This explains why the convener of the Southern African Political Economy Series Dr Ibbo Mandaza and senior advisor to Makoni told The Mail and Guardian that intelligence agents representing the MOSSAD of Zionist Israel, were in Harare six months before the elections to plan vote rigging and sabotage exercises at the invitation of the ruling party.
The claim was supported further by MDC-T secretary general Tendai Biti who claimed an Israeli IT company called Cogniview provided President Mugabe with technical support to "rig" the elections.
The MDC-T and Mandaza want Zimbabweans and observers throughout the world to believe that the British and US governments would allow an alliance between Zimbabwe's CIO and Israel's MOSSAD, when we know that President Mugabe and Zanu-PF have maintained the strongest ties with the Palestinian people arguably more than any party or government in the Sadc region or Africa for that matter.
This attempt to link President Mugabe and Zanu-PF to the intelligence agency of Zionist Israel, is even more absurd than US Presidential hopeful Barack Obama's reference to MDC-T as a peaceful opposition party in his resolution submitted to the US Senate and Congress attacking President Mugabe and Zanu-PF in March of 2007.
President Mugabe and Zanu-PF are teaching Africa's daughters and sons that practicing democracy is directly connected to defending your sovereignty. We must commend President Mugabe and Zanu-PF for creating a political atmosphere and demonstrating a flexible approach, in the face of Britain and American attempts to force illegal and racist regime change in the name of democracy and human rights.
Zimbabwe's elections were observed by 14 regional and sub regional organisations, all 13 countries from southern Africa, 10 other African countries, five Asian countries, four countries from the Americas, one from Europe and a Liberation Movement from the US – the December 12 Movement.
It should be noted that Nigeria and Ghana were invited to observe the elections despite the fact that President John Kufour while chairing the African Union criticised President Mugabe and Zanu-PF for the way the altercation with Tsvangirai's goons and MDC was handled on March 11, and in December shortly before the EU-Africa summit in Portugal Nigerian President Yardua attacked President Mugabe for what he called "heavy handed tactics against his opposition."
The Zimbabwe Electoral Commission is performing the function that was assigned to various bodies in previous elections. The dynamics and procedure were explained by Zimbabwe's Foreign Minister Cde Simbarashe Mumbengegwi and Minister of Justice, Legal and Parliamentary Affairs Patrick Chinamasa to the Sadc Group of Ambassadors on April 10th 2008.
The main concerns raised by the collective groups was whether the election results of the Parliament reflect people's frustration with the sanctions and if Zimbabwe was in a position to finance run-offs in light of the current economic challenges.

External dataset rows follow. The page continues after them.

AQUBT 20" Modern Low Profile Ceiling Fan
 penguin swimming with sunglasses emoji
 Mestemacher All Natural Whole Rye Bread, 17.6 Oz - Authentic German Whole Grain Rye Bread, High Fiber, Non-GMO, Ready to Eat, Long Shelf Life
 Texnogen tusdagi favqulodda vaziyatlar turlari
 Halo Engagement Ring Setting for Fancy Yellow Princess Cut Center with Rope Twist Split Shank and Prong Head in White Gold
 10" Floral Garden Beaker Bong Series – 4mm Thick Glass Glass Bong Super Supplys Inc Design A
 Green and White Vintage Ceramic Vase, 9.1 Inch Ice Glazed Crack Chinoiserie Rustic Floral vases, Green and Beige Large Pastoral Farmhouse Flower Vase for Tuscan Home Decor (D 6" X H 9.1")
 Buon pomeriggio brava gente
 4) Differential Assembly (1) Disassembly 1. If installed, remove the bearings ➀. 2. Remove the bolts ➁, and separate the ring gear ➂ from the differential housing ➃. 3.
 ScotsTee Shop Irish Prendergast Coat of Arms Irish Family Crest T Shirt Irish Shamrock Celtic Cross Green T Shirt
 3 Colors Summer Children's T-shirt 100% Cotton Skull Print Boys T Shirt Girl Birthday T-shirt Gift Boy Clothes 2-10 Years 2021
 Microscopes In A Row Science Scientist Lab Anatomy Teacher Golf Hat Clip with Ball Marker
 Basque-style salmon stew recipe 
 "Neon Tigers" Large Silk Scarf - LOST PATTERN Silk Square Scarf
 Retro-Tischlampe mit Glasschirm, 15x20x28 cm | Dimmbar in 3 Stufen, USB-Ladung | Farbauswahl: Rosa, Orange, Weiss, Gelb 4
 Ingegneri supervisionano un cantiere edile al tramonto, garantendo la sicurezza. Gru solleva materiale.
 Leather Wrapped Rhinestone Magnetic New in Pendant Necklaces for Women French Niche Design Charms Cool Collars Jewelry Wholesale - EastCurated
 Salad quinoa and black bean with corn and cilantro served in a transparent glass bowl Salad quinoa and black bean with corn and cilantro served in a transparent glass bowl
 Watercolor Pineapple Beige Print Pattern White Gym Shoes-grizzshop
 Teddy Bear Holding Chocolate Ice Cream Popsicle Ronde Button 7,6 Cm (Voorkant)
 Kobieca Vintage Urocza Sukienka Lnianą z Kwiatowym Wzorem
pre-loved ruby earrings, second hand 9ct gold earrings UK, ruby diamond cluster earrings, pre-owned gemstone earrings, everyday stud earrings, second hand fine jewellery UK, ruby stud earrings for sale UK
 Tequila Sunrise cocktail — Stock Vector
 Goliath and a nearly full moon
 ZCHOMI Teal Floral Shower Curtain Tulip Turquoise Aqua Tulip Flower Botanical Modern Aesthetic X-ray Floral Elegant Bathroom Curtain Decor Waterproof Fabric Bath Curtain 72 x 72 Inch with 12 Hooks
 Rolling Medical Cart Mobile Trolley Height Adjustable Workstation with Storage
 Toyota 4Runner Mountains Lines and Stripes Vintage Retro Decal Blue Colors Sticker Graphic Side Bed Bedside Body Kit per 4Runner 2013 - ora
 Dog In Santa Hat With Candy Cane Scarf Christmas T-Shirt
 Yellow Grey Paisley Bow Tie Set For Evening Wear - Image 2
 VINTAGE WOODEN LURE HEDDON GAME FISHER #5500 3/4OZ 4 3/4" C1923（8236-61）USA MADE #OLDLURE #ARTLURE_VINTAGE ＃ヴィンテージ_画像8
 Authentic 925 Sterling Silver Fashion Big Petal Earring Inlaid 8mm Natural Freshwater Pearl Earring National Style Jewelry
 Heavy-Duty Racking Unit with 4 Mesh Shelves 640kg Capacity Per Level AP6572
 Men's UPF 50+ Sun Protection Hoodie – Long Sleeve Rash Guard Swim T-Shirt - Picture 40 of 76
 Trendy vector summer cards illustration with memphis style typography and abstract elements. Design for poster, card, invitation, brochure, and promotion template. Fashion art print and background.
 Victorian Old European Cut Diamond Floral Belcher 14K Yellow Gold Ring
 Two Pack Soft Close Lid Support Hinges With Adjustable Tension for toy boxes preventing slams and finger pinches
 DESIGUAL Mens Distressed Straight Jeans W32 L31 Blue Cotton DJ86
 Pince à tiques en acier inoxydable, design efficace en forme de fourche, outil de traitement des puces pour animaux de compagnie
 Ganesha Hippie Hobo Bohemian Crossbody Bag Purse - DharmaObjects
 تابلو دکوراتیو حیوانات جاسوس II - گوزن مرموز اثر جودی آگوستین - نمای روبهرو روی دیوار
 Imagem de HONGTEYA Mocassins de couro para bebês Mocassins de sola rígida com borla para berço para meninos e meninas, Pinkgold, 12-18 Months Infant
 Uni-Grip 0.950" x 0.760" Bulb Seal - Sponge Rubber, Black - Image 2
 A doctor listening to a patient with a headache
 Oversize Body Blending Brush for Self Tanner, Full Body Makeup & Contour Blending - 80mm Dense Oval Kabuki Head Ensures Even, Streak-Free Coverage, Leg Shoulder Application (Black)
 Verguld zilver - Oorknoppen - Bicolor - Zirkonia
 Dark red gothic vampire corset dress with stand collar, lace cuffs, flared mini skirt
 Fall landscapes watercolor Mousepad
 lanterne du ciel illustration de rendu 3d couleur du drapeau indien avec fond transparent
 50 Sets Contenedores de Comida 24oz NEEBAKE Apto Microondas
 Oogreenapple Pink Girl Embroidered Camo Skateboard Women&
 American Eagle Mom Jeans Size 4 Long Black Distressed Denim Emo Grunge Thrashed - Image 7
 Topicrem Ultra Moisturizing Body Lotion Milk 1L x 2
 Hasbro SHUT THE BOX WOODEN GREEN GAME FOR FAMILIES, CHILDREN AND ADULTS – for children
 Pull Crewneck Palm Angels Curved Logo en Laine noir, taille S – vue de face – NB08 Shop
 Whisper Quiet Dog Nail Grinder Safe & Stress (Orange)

The "Sadc" meeting in Lusaka chaired by Zambian President Levy Mwanawasa on April 13 2008 saw the collective body commend the Government of Zimbabwe for ensuring that elections were conducted in a peaceful environment.
The body also commended Sadc facilitator Thabo Mbeki and his facilitation team for the role they played in ensuring elections were successful, and commended the people of Zimbabwe for their peaceful demeanour they maintained before and after elections.
Because this conclusion was reached even after unofficial consultations with both opposition candidates – Tsvangirai and Makoni, President Mugabe and Zanu-PF can look forward to Washington and Britain accusing Sadc of quiet diplomacy, instead of realising their brand of diplomacy is without eyes or ears since they refuse to listen to those in the region who have the most to lose if Zimbabwe loses complete political and economic stability.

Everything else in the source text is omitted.